● Task to complete
Could you copy every record exactly, leaving the pictures behind?
*** Opening of Data for processing ***
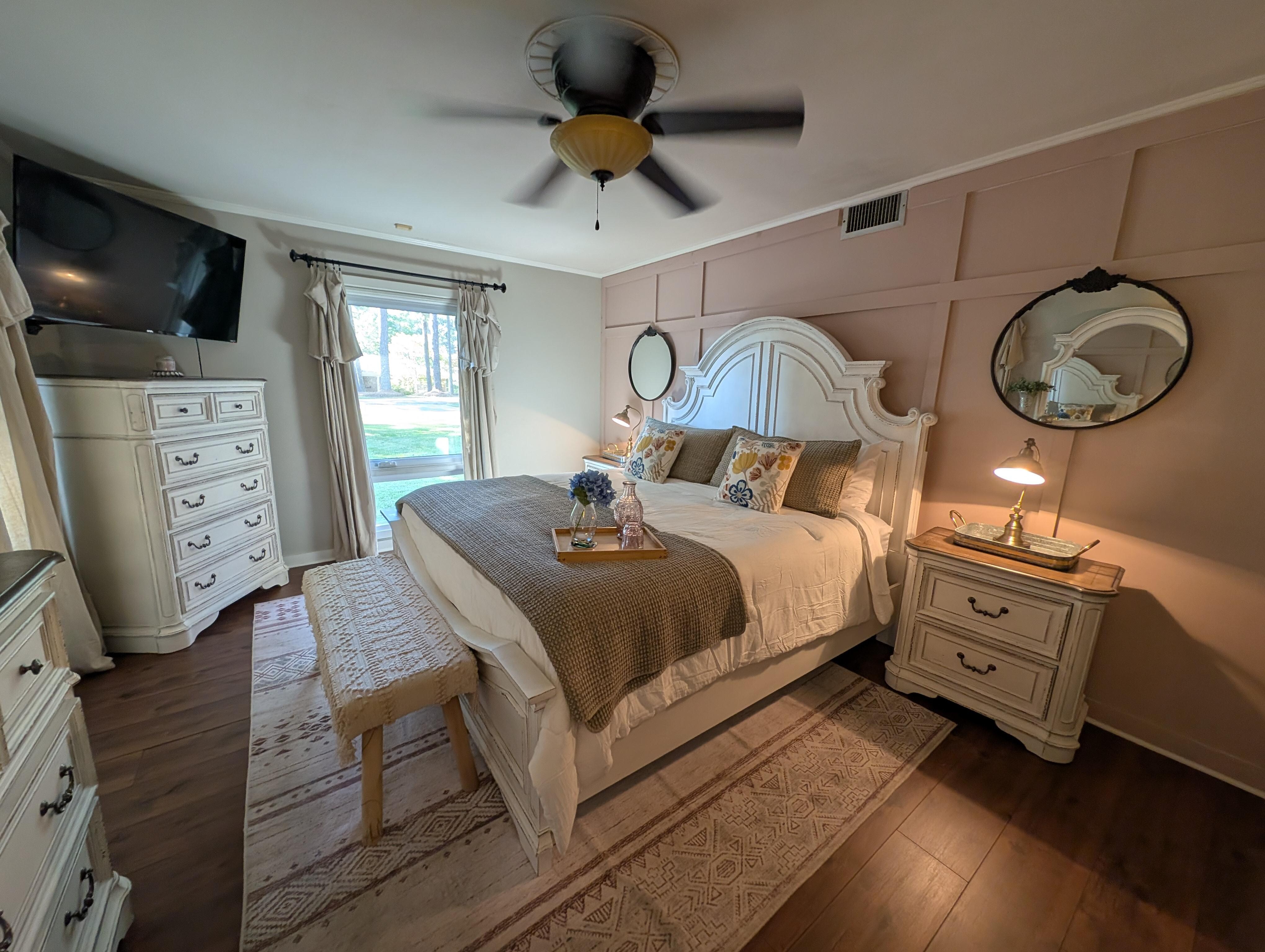 Beautiful master bedroom and comfortable bed.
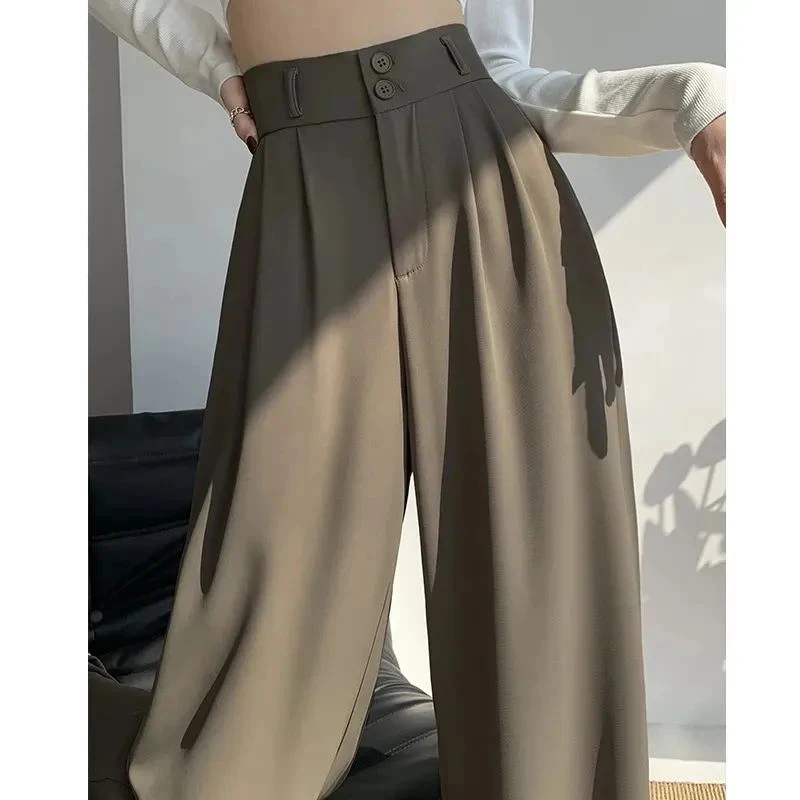 Women's Korean Fashion Pleated High Waist Streetwear Wide Leg Suit Pants Female Solid Loose Straight Trousers Elegant Pantalones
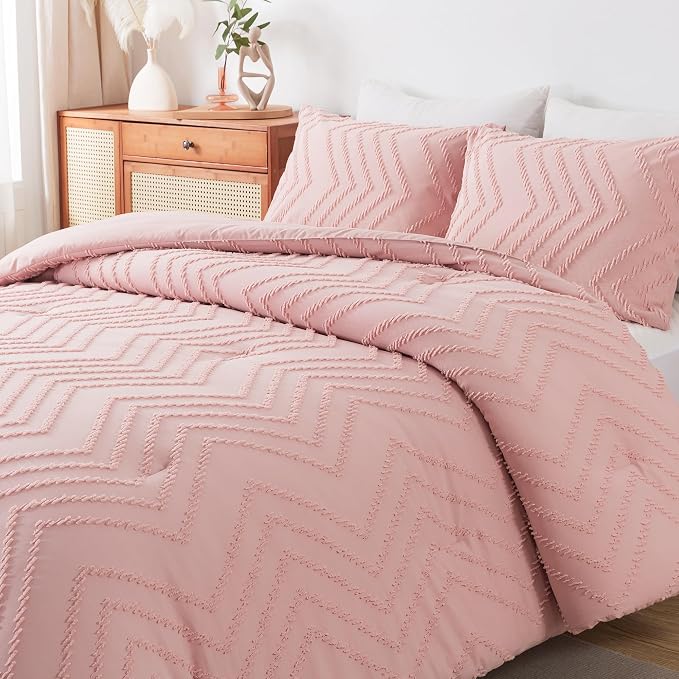Andency Pink Comforter Set King, Boho Cute Girls Women Soft Fluffy Warm - Image 7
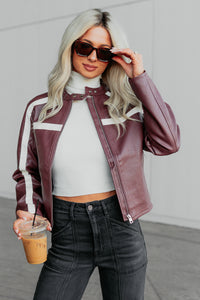 Thrill Seeker Faux Leather Racer Jacket (Burgundy) - NanaMacs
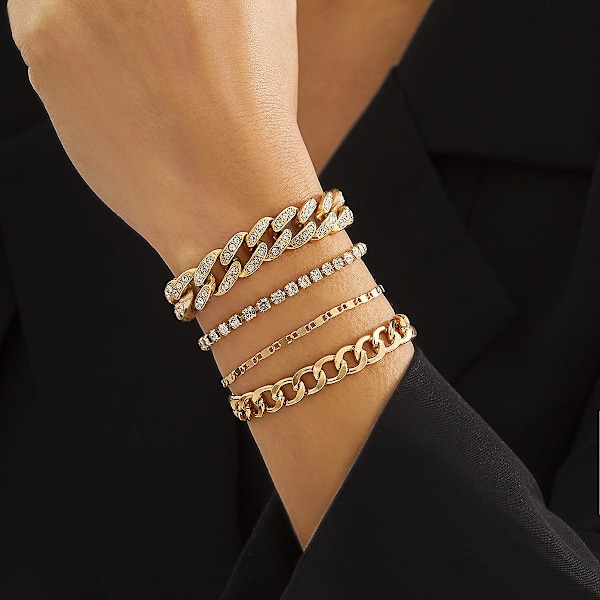 4 st Ormbenskedjearmband Set för Kvinnor Gold One-size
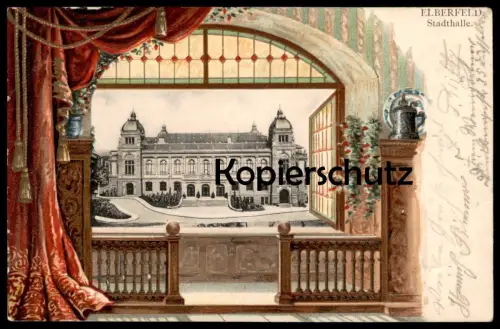 ALTE PRÄGE POSTKARTE ELBERFELD STADTHALLE BALKON AUSBLICK WUPPERTAL Ansichtskarte AK postcard cpa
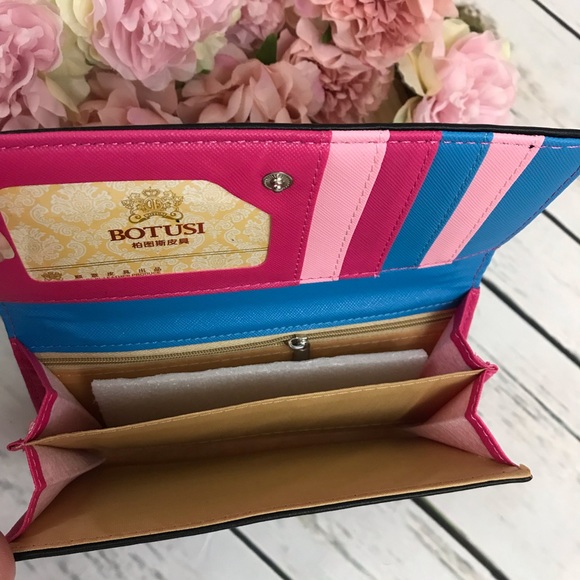 Black Vegan Leather Black & White Dog Clutch Wallet - Picture 3 of 10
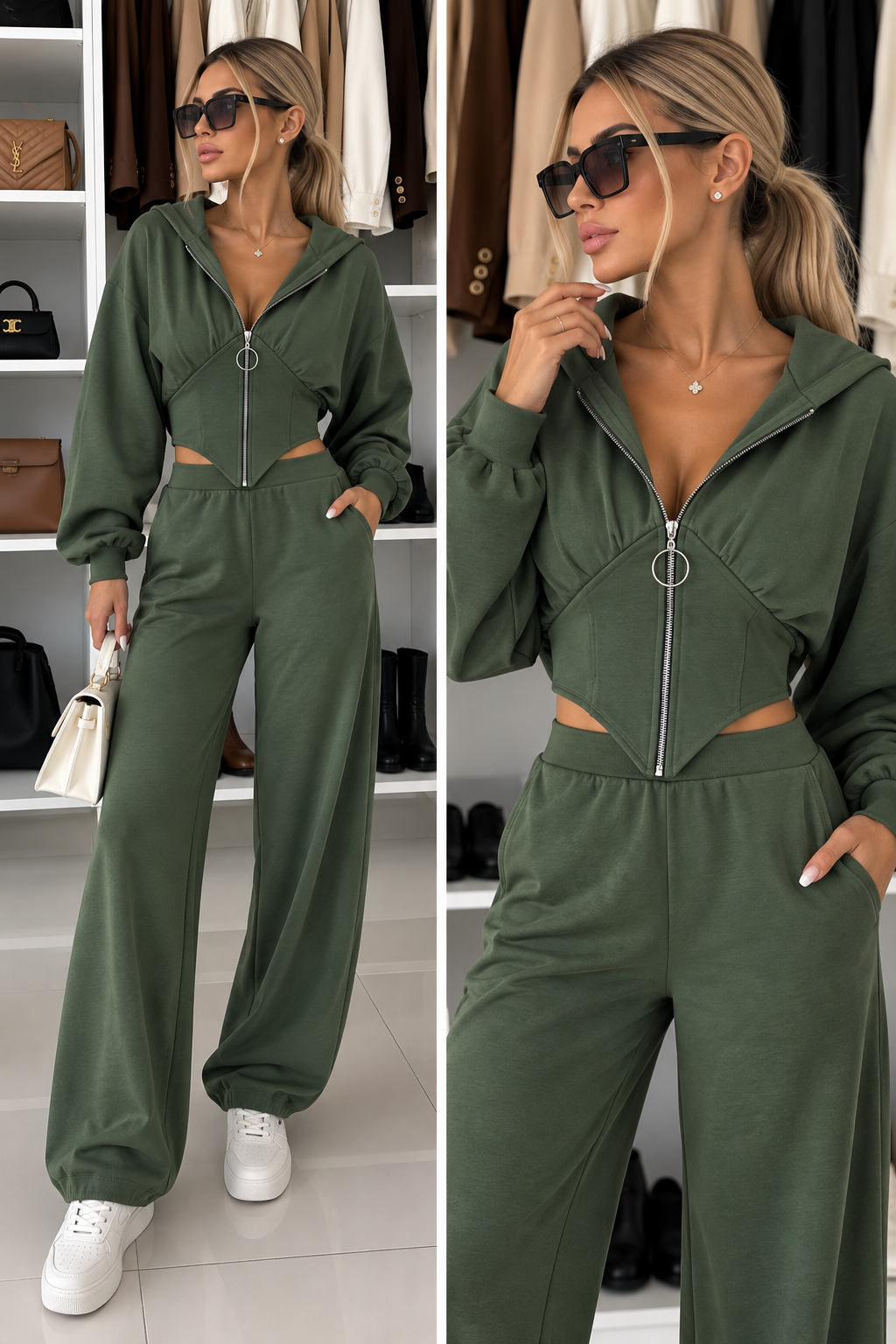 Coordinato Sportivo Crop con Cappuccio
*** Close of Data for processing ***
● Finished task
 Beautiful master bedroom and comfortable bed.
 Women's Korean Fashion Pleated High Waist Streetwear Wide Leg Suit Pants Female Solid Loose Straight Trousers Elegant Pantalones
Andency Pink Comforter Set King, Boho Cute Girls Women Soft Fluffy Warm - Image 7
 Thrill Seeker Faux Leather Racer Jacket (Burgundy) - NanaMacs
 4 st Ormbenskedjearmband Set för Kvinnor Gold One-size
 ALTE PRÄGE POSTKARTE ELBERFELD STADTHALLE BALKON AUSBLICK WUPPERTAL Ansichtskarte AK postcard cpa
 Black Vegan Leather Black & White Dog Clutch Wallet - Picture 3 of 10
 Coordinato Sportivo Crop con Cappuccio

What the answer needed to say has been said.